彼の力自慢的な剣は古代兵器の触手の一本を既に使い物にならないほどに切り刻んでおり、兵器の頭部破壊だけを考えているジークを兵器から目くらましさせる良い存在となっている。
「うわ!」
彼の足元に光線によって大穴が空いた。
「ああ!ノーマン!」
あと数ミリでノーマンの足は焼き切られていただろう。
私は無事だった彼にほっとした。
ズウン。
「え、何の音?」
パラパラと天井から小石が落ちて来たことで、私はこの王宮が崩れ落ちる予兆の音なのだと気が付いた。

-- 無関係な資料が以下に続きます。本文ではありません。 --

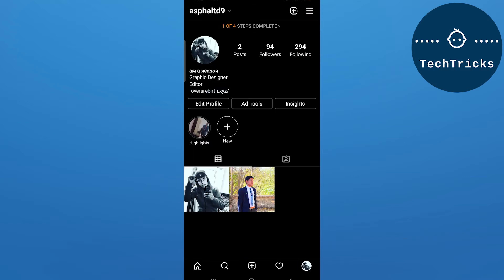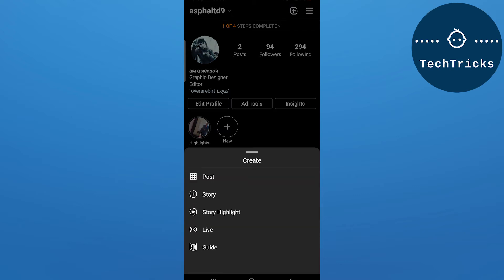After you click on the profile option down below, on the upper corner there will be a plus option. Click on that option.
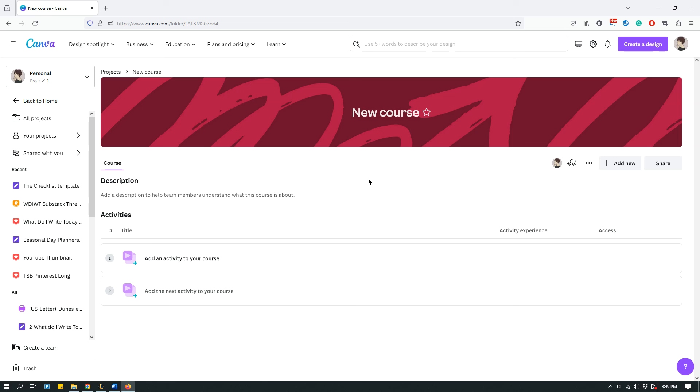Maybe in the future I will make a video where I'll show you how to build a course on Canva. But today I just wanted to kind of tell you that there it is and this is what it is for. Yeah, so that's it, bye!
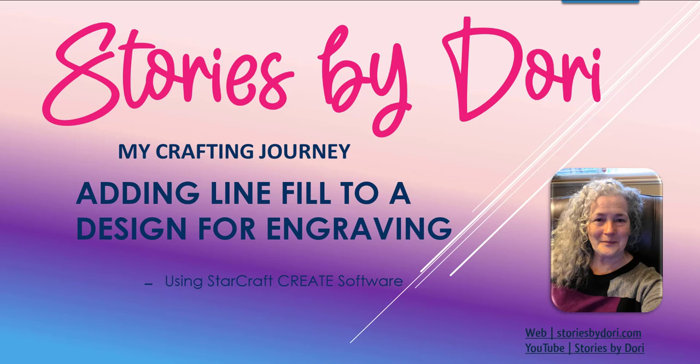Hi, this is Dori. Welcome to Stories by Dori, my crafting journey. In this video I will be using StarCraft Create software to show you how you can add line fill to a design so you can engrave.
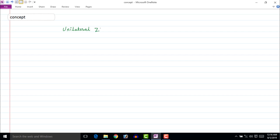The unilateral Z-transform of a function x[n] can be given as X(z) equal to sigma, n is equal to zero to infinity, x[n] z to the power minus n.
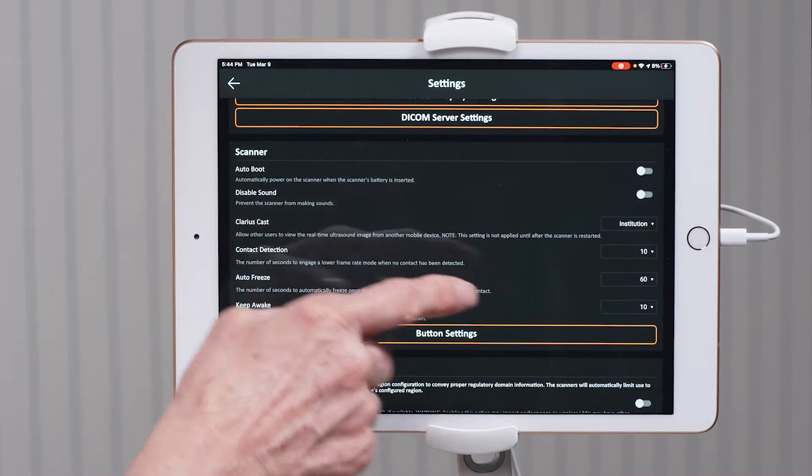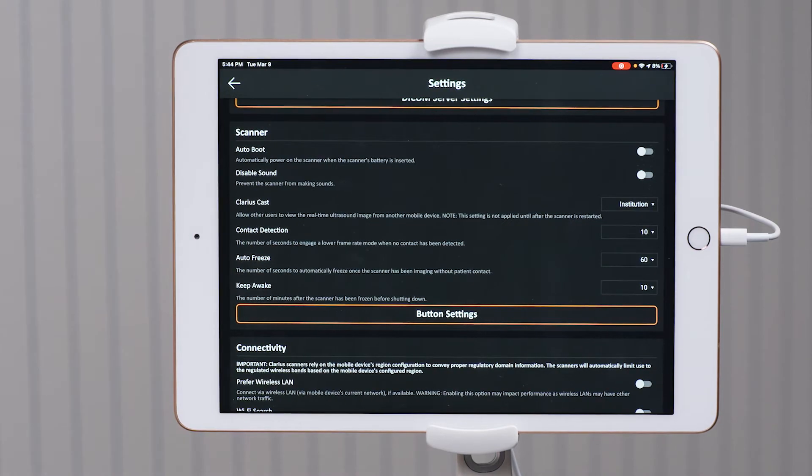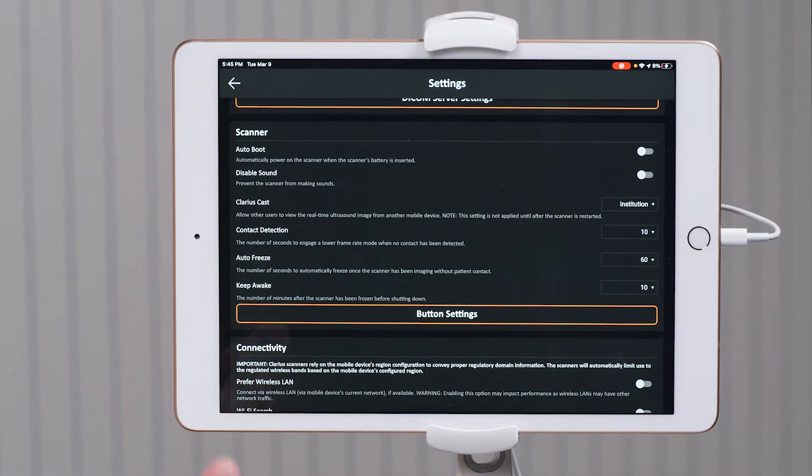I'm going to continue to scroll down to the scanner section. A few of these are set up so that your battery will last the longest. The first one I recommend being off is auto boot. What auto boot does — as soon as you insert your battery, the scanner automatically activates and you can begin scanning. However, I recommend auto boot be turned off so that your scanner's battery lasts longer. When the disabled sound is off, that means when you insert the battery you will hear a beep beep sound, and I like to hear that so I know the battery has engaged.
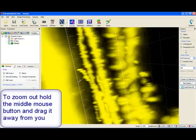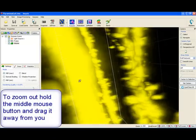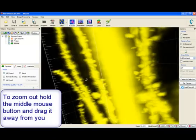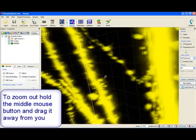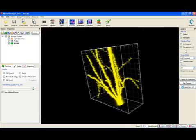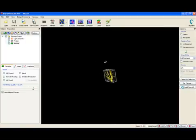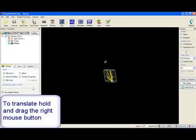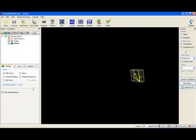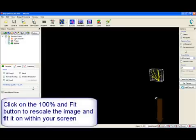To zoom out from the image hold the middle mouse button and drag it away from you. To translate the image hold the right mouse button and drag the image to the chosen location, then simply release the button.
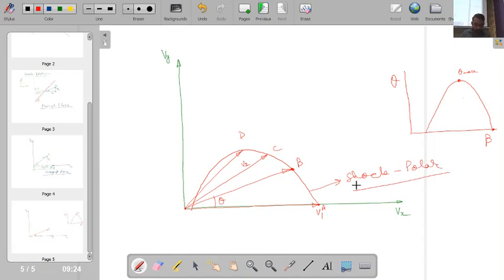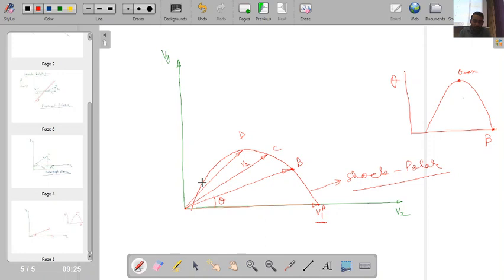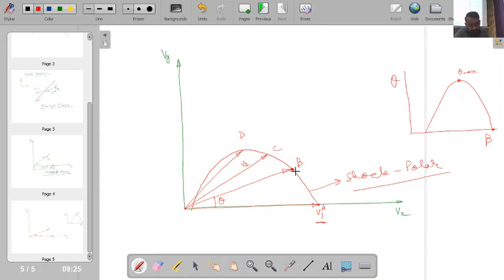The shock polar is obtained by considering all possible values of theta from 0 to theta_max for a given upstream Mach number M1. As theta changes, the output velocity point changes, and the locus of all these points for different values of theta gives the shock polar. This particular curve is for a given upstream Mach number M1; if M1 changes, point A shifts, giving a different shock polar.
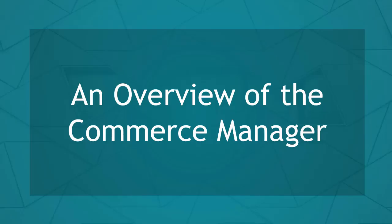Hello guys! In this lesson, we're going to talk about an overview of the Commerce Manager. Let's get started!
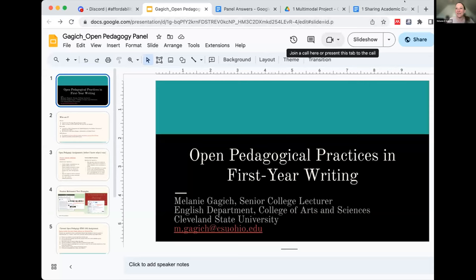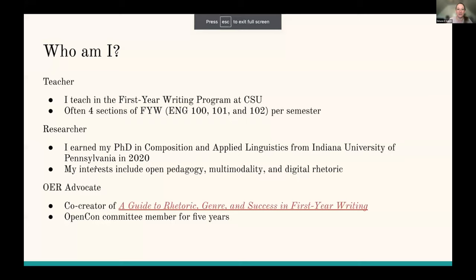My name is Melanie Gagich and I am a first-year writing instructor at Cleveland State University. I generally teach about four sections of first-year writing per semester, but I find that a lot of my open pedagogy actually happens in English 102, which is the last course in the sequence. In terms of research, I earned my PhD in composition and applied linguistics, but my research interests include open pedagogy, multimodality, and digital rhetoric. Multimodality essentially means using a variety of modes to share some sort of purpose — a website, an infographic, a podcast, a TikTok video are all examples of multimodal texts.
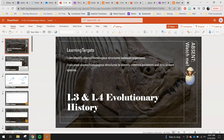Hey 7th graders, welcome back. Today's lesson is 1.3 and 1.4, evolutionary history. In our last lesson 1.2, we really talked about how organisms might be related to each other based on similar structures. We started touching on that and looking at similarities that our mystery fossil might have with other organisms and how we can compare some species with our card sort. Today we're going to move further with that. Your learning targets are: I can identify shared or homologous structures between organisms, and I can use shared or homologous structures to identify common ancestors and descendant species.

「ノーマン!エレ!お前らは一時退却!ここが崩れる!」
「ジーク!あなたもよ!」
「バカ野郎!俺はこいつをここに埋めてしまえるかの実験だ!ちびお達には俺が海に帰ったとでも言っておけよ!」
「ジーク。こいつが逃げ出さないように抑えるのは君一人じゃ荷が勝ちすぎるんじゃないのか。」
「ハハハ、言ってろよ、この荒野の王が。で、俺達はそう言う事だ。エレ、お前だけ一人で逃げろ。」
崩れ落ちる王宮の瓦礫で押さえつけるつもりであると、兵器を逃がさないための戒めに自分達がなると言い張る自己犠牲の男達は、私一人をそのパーティから追い出した。
彼等は私が大好きだから!
「ああ!あなたって、あなた方ってどうしてそんなに馬鹿なのよ!」
私は彼等に大声で叫び、絶対に彼等を手放したくないと、この世界を包むドームを頭の中に思い浮かべた。
「よっしゃああ!バトルフィールド!」
「ああ、本当だ。異世界だ。この賽の目模様の床がまた素晴らしい。」
「まさに魔宮って感じだよね。空にはきれーな星空もある。さあ、目の前のグロテスクちゃんをさっさと壊してこの世界を堪能しよう。」
「も、もう!私を煽ったのね!あなた方のどや顔をあの機械に見せてあげたい!」
半分冗談で大型の鏡を裏切り者のジークとノーマンの頭上に翳したのだが、そこに映った彼等の姿に向けて機械は最大級の光線を発射した。
どおおおおん。
光線は鏡に反射された。
驚いて角度を古代兵器に動かしてしまったこともあって、反射した光線は機械の胴体部分を直撃し、物凄い爆発音をあげて機械は粉々になった。
茫然とする私達の前には燃え燻る古代兵器の破片と、ごろりと床に転がる兵器の頭である。
「えれ、お前さいってい。俺に二度とその面を見せるな。」
「ジーク言いすぎだ。気持ちはわかるけど。」
え?
「ああ、もう!もう少し俺が思いっきり戦ってから鏡攻撃をやってよ。せっかくのバトルフィールドじゃ無いの!ああ!俺はもう少し体を動かしたかった。」
「わかります。ああ、わかる。俺も三日もかけてこの地に来て、命を賭けてって腹をくくっていてのこの結末ですからね。ああ、君の気持ちがわかりすぎるほどにわかる。」
私は彼等をここに置いてきぼりにして、仲間外れにされたと泣きながら一人で帰ってしまおうか。